_GIVEN INFORMATION_
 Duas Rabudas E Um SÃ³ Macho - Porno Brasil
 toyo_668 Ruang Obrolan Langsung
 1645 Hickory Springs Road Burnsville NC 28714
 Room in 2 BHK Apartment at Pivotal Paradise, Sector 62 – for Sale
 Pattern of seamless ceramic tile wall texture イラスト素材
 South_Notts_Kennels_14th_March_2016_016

--

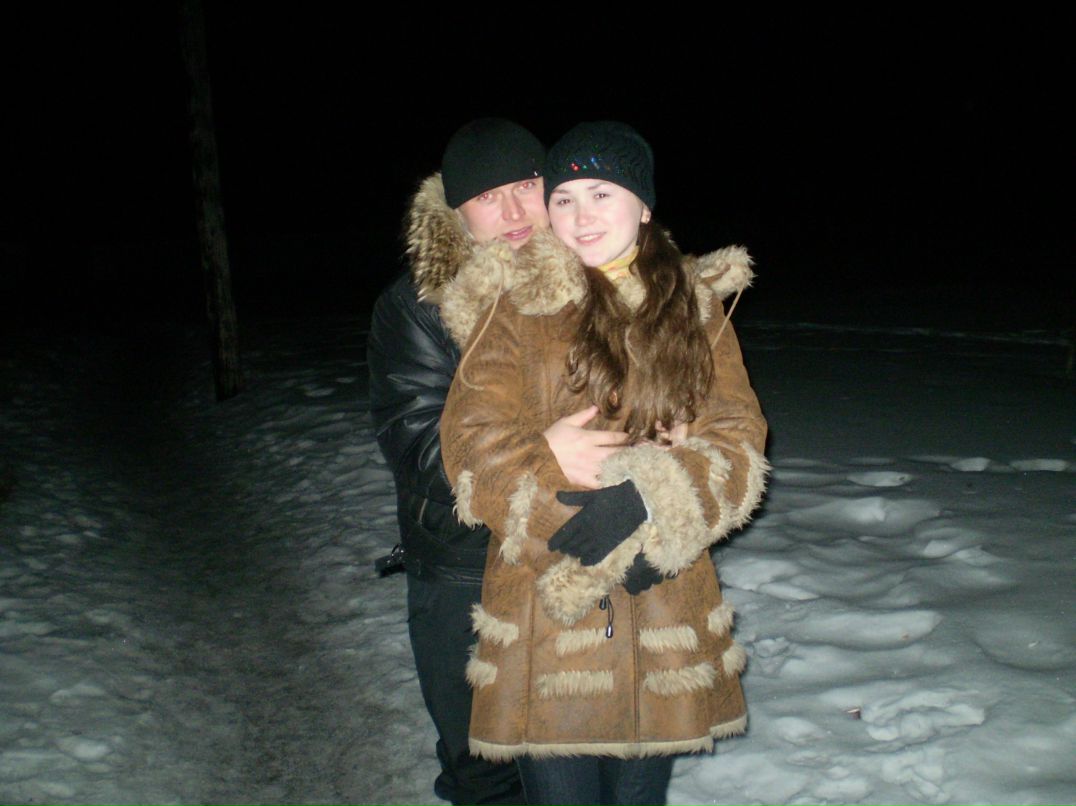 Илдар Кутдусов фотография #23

* * *

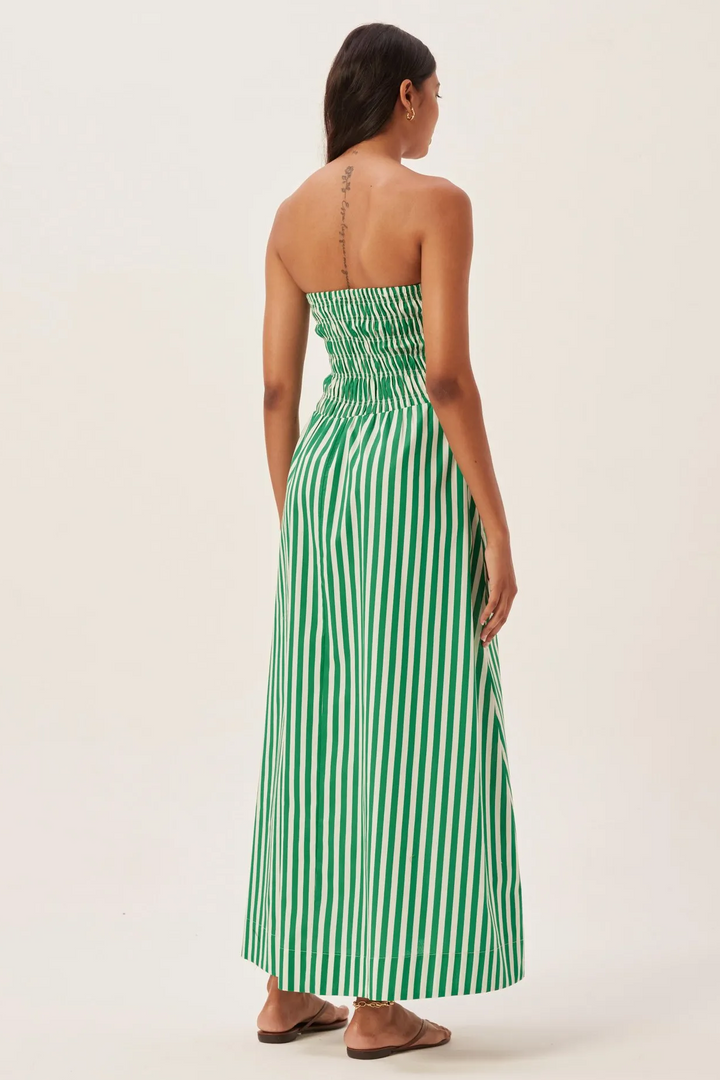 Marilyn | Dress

_TASK STATEMENT_
The lines above from the one containing "Pattern of seamless" through the one containing "South_Notts_Kennels_14th_March_2016_016" are to be set down exactly, and no others.

_EXERCISE RESPONSE_
 Pattern of seamless ceramic tile wall texture イラスト素材
 South_Notts_Kennels_14th_March_2016_016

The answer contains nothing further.